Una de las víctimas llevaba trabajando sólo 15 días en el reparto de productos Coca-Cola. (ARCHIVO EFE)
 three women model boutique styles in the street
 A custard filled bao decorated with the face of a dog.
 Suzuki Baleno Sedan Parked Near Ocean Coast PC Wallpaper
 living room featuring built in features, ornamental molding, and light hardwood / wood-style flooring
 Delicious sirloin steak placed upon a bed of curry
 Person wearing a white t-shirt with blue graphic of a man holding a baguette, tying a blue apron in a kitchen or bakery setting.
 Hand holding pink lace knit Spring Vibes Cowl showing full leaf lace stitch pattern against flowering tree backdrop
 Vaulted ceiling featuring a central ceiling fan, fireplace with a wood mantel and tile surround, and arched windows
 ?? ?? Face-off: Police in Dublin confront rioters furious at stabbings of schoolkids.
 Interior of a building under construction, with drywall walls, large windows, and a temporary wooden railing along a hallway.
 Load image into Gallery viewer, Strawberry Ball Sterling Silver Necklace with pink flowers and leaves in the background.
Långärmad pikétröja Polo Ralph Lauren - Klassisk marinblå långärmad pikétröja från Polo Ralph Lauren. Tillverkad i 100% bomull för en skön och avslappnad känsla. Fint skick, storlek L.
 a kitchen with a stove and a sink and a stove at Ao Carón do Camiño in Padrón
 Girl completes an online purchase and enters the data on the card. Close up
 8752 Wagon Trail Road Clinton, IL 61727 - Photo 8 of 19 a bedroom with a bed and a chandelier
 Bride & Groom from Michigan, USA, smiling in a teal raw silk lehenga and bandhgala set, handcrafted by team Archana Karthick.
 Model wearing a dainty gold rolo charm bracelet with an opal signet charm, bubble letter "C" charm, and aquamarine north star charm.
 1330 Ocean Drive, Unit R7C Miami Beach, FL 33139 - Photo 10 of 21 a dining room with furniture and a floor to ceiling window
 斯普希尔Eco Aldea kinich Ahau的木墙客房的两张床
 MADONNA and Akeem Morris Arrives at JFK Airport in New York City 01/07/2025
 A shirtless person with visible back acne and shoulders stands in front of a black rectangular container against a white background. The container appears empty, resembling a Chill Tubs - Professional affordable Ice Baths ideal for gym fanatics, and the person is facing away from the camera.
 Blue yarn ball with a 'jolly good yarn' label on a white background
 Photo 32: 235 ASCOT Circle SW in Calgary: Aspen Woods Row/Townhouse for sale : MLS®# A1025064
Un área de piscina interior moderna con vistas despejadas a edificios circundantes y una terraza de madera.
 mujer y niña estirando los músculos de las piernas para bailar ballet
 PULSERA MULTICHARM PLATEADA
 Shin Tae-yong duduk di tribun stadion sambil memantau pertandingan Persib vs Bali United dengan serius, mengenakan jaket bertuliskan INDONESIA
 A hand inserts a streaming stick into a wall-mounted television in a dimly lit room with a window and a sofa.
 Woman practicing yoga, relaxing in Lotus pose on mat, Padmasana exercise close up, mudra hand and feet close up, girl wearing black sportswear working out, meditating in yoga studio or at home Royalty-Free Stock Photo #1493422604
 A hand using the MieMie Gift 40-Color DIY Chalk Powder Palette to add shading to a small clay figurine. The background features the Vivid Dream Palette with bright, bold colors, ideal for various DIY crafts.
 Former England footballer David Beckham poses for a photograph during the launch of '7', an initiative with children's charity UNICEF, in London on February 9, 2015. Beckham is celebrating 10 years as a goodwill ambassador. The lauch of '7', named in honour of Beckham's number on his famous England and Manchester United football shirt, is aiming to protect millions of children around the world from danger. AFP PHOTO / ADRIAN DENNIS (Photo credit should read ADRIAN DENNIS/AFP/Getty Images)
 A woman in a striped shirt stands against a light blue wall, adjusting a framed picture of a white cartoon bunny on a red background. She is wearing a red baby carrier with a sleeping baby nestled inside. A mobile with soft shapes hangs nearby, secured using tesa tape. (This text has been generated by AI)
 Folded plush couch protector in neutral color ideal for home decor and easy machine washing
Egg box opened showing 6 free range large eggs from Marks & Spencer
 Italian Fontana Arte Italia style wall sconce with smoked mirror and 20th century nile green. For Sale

──────────

» **What is being asked**: Of all the lines above, tally those with the word "home". Write the total only.

» **Finished exercise**: 2